1 of 2 people found the following review helpful.
Treat yourself to a great book!
By CP
I really enjoyed this book--on two important levels. First, it's just good storytelling. Morrissey achieves this through his creation of intriguing characters, an engrossing storyline, and absolutely delightful prose. With Men of Winter as my companion, I even passed a very pleasurable three hours waiting for my car to be serviced, and I was actually a little annoyed when the mechanic told me they had finished because I didn't want to stop reading! So, in a nutshell, it's a great book in all the ways I generally measure the awesomeness of a novel.

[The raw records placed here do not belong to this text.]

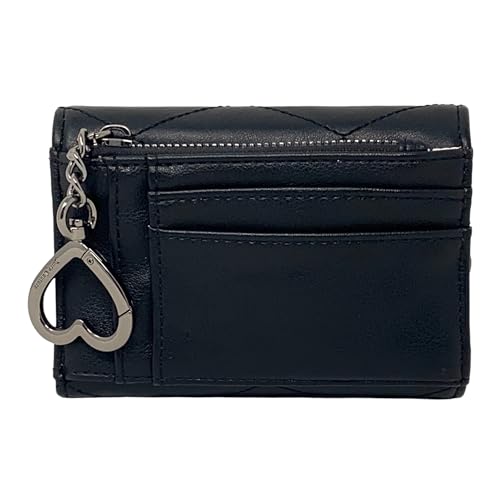 Juicy Couture Double Sided Trifold Wallet in Liquorice Quilted2
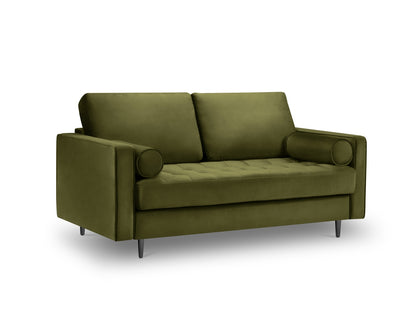 Aspen — Sofa Green (Salvador 8) Black Chrome Metal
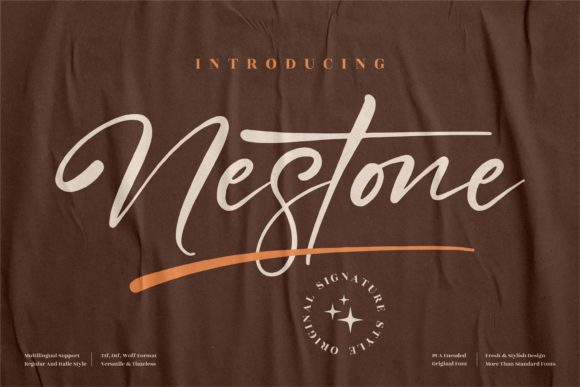 Elevate Your Editorial Design with Nestone Script Font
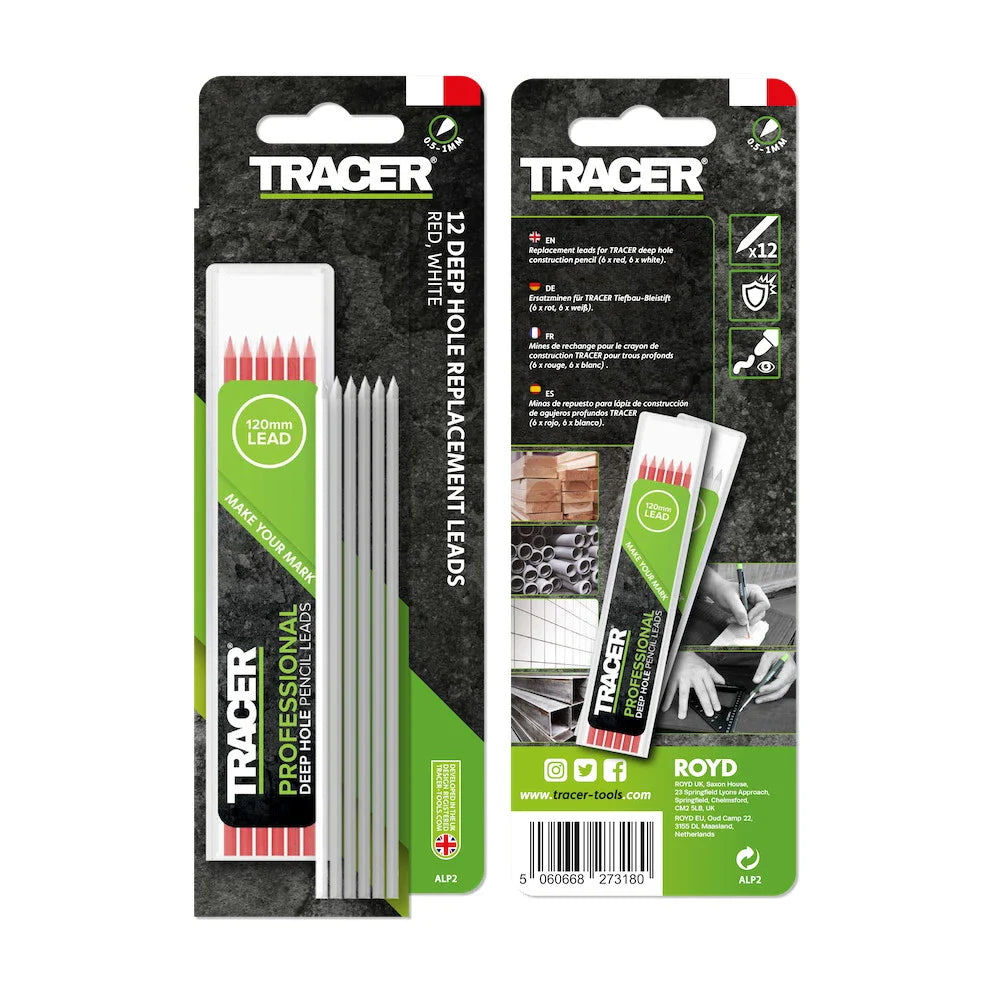 TRACER Red & White 2.8mm Leads 12pcs | ALP2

But there's an extra level here for me because I know the author--sort of. I've never met Ted, but we've been friends online for about a year now. It's through FB that I learned he'd written Men of Winter, and after "getting to know him" through his posts, I became curious about the book and decided to read it--without telling him, of course. I mean, how awkward is it to see a play, hear a song, read a poem or book, etc. by someone you know, and then be in the position of lying or possibly hurting their feelings if you didn't care for it? So this is how he's finding out that I read his book. I'm so pleased that I get to proclaim that my friend Ted Morrissey wrote a fantastic book, and that I highly recommend it to all!
0 of 1 people found the following review helpful.
Men of Winter: A Haunting Journey
By parker
Men of Winter begins with a reporter's pursuit of a lurid crime story, but morphs into a recognition of painful emotional truths buried within his own heart. Hektr embarks on a sometimes nightmarish, sometimes magical journey into the frozen northland of Russia. The setting seems at once mythical and brutally realistic. Richly developed characters populate this haunting landscape, and Hektr observes each one with an alien's curiosity. Morrissey takes the reader into the mystery with the hero called Hektr; his final discovery is both touching and unexpected.